Il secondo modello di allievo è quello attivo. E tutto proiettato all’esterno, si lascia assorbire dallo studio, dall’attività. Il suo unico desiderio è dominare, controllare il mondo. Non ha veri svaghi, divertimenti. Tutto ciò che fa, anche una festa o una semplice gita, ha sempre uno scopo pratico, gli serve per manipolare uomini, creare rapporti sociali utili. Non ha un momento di intimità, non resta mai solo con se stesso, non si interroga sullo scopo della sua vita. Il suo tempo è uniformemente pieno e costringe tutti gli altri a seguire il suo ritmo.
Il terzo tipo di allievo, (quello che ogni insegnante desidererebbe avere) mette al primo posto l’apprendimento, la conoscenza, l’arricchimento personale. Possiamo chiamarlo l’esploratore. A differenza dei due modelli precedenti, legge, studia, utilizza qualsiasi esperienza per imparare, per riflettere. Anche di fronte ad un insuccesso, un dolore, un tradimento, si domanda: cosa posso imparare da ciò che mi accade, come posso utilizzarlo per conoscere meglio me stesso e gli altri? Se fa un viaggio, studia la storia del paese, lo confronta con il suo. Se deve passare il tempo in una sala di aspetto guarda l’architettura, osserva i diversi tipi umani che entrano ed escono. Ogni volta che incontra una persona, beve con ansia le sue parole, sperando che gli possa rivelare qualcosa di nuovo. Mentre il tipo attivo giudica buoni coloro che gli servono e cattivi quelli che lo ostacolano, egli non dà giudizi perentori, ma cerca di capire tutti.

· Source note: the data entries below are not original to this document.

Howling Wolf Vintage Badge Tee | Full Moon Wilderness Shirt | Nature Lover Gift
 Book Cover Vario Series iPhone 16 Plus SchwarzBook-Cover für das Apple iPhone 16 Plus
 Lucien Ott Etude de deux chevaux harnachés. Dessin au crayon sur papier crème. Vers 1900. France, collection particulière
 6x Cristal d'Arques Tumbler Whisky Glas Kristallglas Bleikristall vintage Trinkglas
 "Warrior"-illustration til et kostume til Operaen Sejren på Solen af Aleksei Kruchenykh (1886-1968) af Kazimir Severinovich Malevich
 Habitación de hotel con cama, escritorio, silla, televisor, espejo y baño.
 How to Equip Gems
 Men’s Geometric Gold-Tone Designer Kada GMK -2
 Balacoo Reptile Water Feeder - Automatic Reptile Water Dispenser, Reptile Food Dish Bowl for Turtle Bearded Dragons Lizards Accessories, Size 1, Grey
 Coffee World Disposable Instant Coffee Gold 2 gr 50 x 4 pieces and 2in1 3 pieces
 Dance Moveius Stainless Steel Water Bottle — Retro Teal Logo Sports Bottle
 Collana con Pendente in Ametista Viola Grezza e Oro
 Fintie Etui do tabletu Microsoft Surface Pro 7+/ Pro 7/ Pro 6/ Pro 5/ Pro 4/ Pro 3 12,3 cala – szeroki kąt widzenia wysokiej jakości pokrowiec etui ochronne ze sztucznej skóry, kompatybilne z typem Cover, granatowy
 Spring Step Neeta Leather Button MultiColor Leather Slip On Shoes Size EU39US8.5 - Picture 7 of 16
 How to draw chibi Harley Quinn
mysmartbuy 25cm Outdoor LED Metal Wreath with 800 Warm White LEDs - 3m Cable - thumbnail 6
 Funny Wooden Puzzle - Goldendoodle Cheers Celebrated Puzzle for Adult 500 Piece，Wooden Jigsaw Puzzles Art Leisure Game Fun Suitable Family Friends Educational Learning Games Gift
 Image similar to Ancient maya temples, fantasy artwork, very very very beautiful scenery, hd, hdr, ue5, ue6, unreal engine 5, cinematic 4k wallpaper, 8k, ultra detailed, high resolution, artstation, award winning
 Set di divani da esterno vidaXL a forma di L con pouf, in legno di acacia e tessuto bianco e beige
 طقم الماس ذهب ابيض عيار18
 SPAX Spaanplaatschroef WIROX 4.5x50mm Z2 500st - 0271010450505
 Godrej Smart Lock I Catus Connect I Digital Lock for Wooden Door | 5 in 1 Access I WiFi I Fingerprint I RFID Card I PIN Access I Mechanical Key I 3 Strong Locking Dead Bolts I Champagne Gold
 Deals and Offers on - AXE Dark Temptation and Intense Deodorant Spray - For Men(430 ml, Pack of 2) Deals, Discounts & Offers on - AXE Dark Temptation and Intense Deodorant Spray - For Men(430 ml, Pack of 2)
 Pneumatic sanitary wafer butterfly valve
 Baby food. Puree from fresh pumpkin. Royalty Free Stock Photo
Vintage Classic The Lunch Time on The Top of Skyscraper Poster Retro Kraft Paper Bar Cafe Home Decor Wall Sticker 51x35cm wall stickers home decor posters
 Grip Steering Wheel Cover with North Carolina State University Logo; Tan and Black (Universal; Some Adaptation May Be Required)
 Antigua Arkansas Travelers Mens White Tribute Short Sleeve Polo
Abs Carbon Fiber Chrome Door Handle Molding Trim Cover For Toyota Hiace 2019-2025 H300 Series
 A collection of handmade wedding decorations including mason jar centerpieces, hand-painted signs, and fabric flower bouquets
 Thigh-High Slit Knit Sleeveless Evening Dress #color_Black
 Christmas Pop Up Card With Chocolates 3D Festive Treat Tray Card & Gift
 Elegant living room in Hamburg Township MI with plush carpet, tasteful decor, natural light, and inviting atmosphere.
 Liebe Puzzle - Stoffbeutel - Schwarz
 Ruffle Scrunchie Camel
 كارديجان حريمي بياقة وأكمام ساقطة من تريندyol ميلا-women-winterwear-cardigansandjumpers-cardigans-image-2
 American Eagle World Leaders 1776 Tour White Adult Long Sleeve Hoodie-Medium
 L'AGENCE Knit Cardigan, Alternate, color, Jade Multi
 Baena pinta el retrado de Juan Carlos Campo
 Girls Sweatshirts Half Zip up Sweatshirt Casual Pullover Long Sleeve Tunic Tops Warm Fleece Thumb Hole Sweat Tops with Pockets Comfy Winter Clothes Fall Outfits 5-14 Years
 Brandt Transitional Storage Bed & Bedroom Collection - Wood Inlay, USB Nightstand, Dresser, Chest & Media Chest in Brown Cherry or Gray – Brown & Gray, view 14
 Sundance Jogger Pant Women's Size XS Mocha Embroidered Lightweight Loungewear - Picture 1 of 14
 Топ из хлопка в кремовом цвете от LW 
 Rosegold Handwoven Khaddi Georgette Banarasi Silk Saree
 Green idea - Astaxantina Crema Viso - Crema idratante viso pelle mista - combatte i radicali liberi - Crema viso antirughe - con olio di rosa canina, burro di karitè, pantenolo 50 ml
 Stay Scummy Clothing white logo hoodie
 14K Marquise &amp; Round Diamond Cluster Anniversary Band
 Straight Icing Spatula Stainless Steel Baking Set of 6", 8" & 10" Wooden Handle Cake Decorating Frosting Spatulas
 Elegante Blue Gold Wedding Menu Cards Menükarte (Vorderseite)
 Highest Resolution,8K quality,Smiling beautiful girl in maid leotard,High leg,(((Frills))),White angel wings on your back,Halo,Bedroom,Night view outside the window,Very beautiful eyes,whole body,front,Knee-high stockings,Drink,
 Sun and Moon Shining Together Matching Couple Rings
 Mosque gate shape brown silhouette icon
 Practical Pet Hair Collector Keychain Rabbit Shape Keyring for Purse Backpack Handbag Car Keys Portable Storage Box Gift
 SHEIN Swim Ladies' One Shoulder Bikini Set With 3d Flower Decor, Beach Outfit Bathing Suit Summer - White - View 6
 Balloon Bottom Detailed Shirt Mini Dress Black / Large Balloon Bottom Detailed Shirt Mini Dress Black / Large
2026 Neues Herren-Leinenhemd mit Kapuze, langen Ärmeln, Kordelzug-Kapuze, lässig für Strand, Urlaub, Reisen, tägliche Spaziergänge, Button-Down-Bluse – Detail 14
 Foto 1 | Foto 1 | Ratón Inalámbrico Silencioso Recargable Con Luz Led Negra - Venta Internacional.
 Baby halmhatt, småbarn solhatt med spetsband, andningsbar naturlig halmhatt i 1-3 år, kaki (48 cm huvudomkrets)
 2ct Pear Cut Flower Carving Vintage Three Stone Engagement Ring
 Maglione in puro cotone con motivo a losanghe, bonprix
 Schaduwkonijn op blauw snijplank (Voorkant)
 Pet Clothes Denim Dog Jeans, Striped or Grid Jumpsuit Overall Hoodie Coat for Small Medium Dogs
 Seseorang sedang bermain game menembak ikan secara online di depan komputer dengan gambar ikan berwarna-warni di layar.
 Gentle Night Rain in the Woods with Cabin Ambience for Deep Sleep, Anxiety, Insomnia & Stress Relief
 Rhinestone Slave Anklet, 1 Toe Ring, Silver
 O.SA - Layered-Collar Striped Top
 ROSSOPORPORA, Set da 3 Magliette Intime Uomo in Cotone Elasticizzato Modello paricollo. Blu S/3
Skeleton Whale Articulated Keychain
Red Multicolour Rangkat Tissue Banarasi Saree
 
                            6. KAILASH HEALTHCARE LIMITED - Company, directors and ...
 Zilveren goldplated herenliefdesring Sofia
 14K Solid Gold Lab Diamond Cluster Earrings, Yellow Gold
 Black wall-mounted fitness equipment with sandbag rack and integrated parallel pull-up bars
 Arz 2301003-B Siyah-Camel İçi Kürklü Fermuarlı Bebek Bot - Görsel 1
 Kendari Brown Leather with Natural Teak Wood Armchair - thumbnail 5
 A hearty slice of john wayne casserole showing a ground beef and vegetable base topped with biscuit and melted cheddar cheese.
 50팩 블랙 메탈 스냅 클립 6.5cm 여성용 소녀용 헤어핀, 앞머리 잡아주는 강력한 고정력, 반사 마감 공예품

Imparare a riconoscere questi paradigmi e ad utilizzarne tutti relativi filtri nascosti, consentirebbe ad ogni insegnante di strumento di migliorare le proprie relazioni interpersonali con i propri alunni, potenziando, in modo naturale, tutti quei canali comunicativi, necessari per insegnargli a generare delle performance.
Provate a rifletterci: che senso ha utilizzare nella musica sempre e solo degli schemi del passato per le attuali esigenze dei Millennials?
I conservatori di musica devono essere oggi più seri che mai. Devono essere capaci di far star bene gli alunni, per diventare un’alternativa al mondo diseducativo nel quale viviamo, per “rieducare” i giovani a impegnarsi, a studiare, a faticare e trasformarli in cittadini migliori. Non basta però insegnare. Bisogna voler insegnare e non si può diventare insegnanti per puro ripiego.